**YOUR OBJECTIVE**
Of the lines below, report only those that contain "right".

**INPUT FOR THIS TASK**

• • •

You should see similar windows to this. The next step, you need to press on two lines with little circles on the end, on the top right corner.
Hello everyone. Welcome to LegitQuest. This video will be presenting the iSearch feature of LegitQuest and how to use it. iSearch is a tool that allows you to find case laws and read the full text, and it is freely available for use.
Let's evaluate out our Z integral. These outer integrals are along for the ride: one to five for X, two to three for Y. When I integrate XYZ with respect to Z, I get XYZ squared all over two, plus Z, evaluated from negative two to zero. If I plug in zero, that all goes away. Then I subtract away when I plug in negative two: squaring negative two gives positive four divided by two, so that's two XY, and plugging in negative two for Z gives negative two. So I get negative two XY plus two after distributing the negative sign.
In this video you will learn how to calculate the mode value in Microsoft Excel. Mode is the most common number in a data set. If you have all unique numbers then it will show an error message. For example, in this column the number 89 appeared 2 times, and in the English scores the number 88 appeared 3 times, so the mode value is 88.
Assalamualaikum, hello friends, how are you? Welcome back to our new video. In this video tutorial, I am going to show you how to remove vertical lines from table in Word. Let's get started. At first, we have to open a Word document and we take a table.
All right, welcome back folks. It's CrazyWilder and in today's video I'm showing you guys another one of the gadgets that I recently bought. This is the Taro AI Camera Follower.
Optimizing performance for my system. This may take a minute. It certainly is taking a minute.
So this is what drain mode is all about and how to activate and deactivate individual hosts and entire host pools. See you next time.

• • •

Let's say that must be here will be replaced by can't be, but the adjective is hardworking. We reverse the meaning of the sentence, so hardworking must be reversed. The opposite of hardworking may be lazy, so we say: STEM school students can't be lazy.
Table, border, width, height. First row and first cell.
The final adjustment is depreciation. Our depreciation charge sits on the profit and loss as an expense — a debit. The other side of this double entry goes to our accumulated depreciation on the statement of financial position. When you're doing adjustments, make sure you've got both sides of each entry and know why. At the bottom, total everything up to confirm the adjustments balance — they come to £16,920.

• • •

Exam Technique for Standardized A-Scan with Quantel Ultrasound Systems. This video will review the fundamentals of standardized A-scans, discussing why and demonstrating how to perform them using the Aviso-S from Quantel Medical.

• • •

**PROBLEM SOLUTION**
You should see similar windows to this. The next step, you need to press on two lines with little circles on the end, on the top right corner.
All right, welcome back folks. It's CrazyWilder and in today's video I'm showing you guys another one of the gadgets that I recently bought. This is the Taro AI Camera Follower.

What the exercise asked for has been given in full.